The SuDoku Puzzle as a Satisfiability Problem

The Satisfiability problem has long been regarded as one of the classical problems in Computer Science. Each year there is a competition among solvers. SuDoku is a popular puzzle, instances of which are published in many newspapers and magazines, and for which commercial programs are available. This tool permits the user to
  • Generate puzzles
  • Enter puzzles by hand
  • Copy/paste puzzles from most standard formats. As an unsigned applet does not have direct access to the clipboard, first paste a puzzle into the "Paste area" and then choose Edit/Paste puzzle.
  • Protect entered values from accidental overwriting
  • Solve the puzzle manually and check the solution
  • Solve the puzzle automatically
  • The puzzle size can be 4x4, 9x9 (the default) or 16x16. The solutions are found by converting the puzzle into a satisfiability problem, and this is displayed using the competition format. This is solved using the sat4j package and the solution model is also displayed. It is possible to copy the satisfiability problem and paste it into a text editor to be solved by your own satisfiability solver, and if the solution is pasted into the tool it can be interpreted as a solution to the SuDoku puzzle - see the "cnf" tab.
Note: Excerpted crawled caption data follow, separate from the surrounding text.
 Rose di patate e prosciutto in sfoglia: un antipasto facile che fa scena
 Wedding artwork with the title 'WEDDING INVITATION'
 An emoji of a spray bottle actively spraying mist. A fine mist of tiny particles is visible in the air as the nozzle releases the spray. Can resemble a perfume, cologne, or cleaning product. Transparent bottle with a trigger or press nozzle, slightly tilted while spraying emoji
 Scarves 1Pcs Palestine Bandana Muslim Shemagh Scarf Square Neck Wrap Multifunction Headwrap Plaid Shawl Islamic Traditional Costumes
A Java application is available here. Note that your browser my rename this sudoku.jar file to sudoku.zip. It permits larger puzzles, but be warned that the 36x36 puzzles may take some time to create and solve. To use larger puzzles increase the amount of heap space by using the command
    java -Xmx300m -jar sudoku.jar
    The Java appliction can also write cnf files and read the corresponding models and copy and paste puzzles directly.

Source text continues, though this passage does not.